I’m wondering is there a way in AWS Athena to “merge” 2 parquet files into a one single table in Athena just leveraging the columnar model of parquet, meaning without do any joins or post-processing?
For example:
File 1:
id | first_name |
---|---|
1 | Jonh |
2 | Joe |
File 2:
id | last_name | status |
---|---|---|
1 | Doe | 1 |
2 | Smith | 0 |
Athena Final Table result:
id | first_name | last_name | status |
---|---|---|---|
1 | Jonh | Doe | 1 |
2 | Joe | Smith | 0 |
I know I can do a join in both files, but I was wondering since I’m using Parquet can this be achieved without a sql command for join?
Thanks!
Advertisement
Answer
Athena is basically just a modified version of Presto/Trino, which is a pure SQL interface that goes via Hive (or something like Glue/Iceberg).
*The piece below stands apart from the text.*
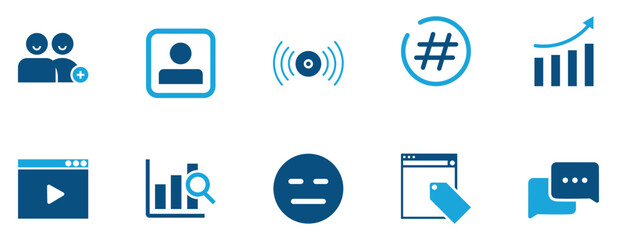 Social Media Analytics and Engagement Icons.Social media icon set featuring growth, analytics, messaging, hashtags, profiles, and engagement tools—perfect for marketing, branding, and digital strategy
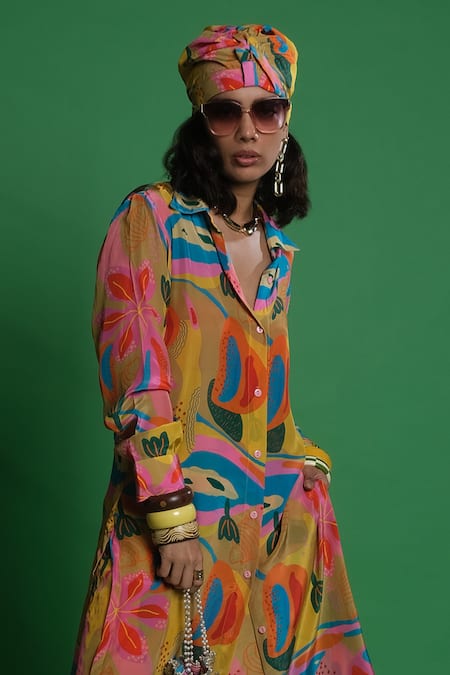 Esha L Amin_Multi Color Crepe Round Neck Croissant Print Shirt Kurta _Online_at_Aza_Fashions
It doesn’t really care what the underlying storage is aside from having a reader for it. So, this is doubtful. It would need to scan each file and join on the keys as it treats parquet, orc, csv, etc all simiarly.
Parquet is also a pretty complex format. Even if those two files had the same columns, they could be laid out internally or sorted very differently. It’s not like they’re both a simple sorted CSVs where you can “just grab and merge everything from both files on line 12” or something like that.
So, I doubt you’ll find anything like this, in Athena/presto or outside of them. It doesn’t sound viable. Anything doing this would have to basically do a join anyway, even if you didn’t call it that.